When deploying RDMA services for a business, it is recommended to control the deployment scope of the RDMA domain within the POD. This is because the control difficulty of PFC and ECN messages will significantly increase for larger-scale RDMA deployment, leading to a more serious impact of congestion and back pressure.

If planning a larger-scale data centre with over 100,000 servers in a single cluster, it's necessary to upgrade the Spine layer switch equipment and use a BOX device that can provide 128 ports of 100G in order to double the server scale in the POD.

"Outlook for the Next-Generation Data Center Architecture"

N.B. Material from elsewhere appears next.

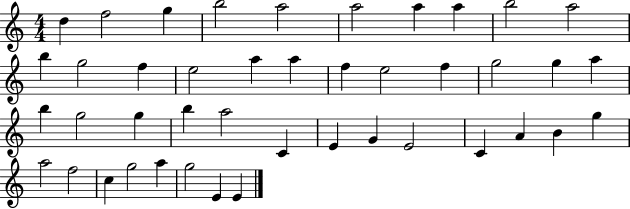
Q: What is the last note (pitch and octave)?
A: E4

According to the International Data Corporation (IDC), the data processed by data centres is projected to reach 175ZB in 2025, which is five times the amount in 2018. China is expected to experience the fastest growth, with data increasing from 7.6ZB in 2018 to 48.6ZB in 2025. With the rapid development of data, the foundational network infrastructure needs to undergo various improvements, including iterative upgrades of network bandwidth and enhancements to the IP CLOS architecture with a 1:1 network convergence ratio. Will the next-generation networking architecture continue to use chassis devices in the IP CLOS network architecture? How will server access evolve and upgrade to meet business needs? The next article will provide detailed explanations.

Summary

The transition from 10G to 25G Ethernet in Internet Data Centers (IDCs) represents a significant advancement in network architecture, driven by the growing demands of modern applications. Upgrading to 25G Ethernet supports high-performance business needs, including improved application efficiency for AI and big data, while also accommodating sudden traffic spikes. The design of 25G networks is influenced by server scale and business application requirements, leading to two primary architectures: two-level and three-level networks. The two-level architecture is suitable for clusters of 1,000 to 20,000 servers, utilizing box-type and chassis-based designs for optimal performance. In contrast, three-level architectures are essential for ultra-large data centres exceeding 20,000 servers, enabling scalable, flexible network solutions through standardized PODs. As data demands continue to rise, advancements in 25G networking will play a crucial role in shaping the future of data centre architecture.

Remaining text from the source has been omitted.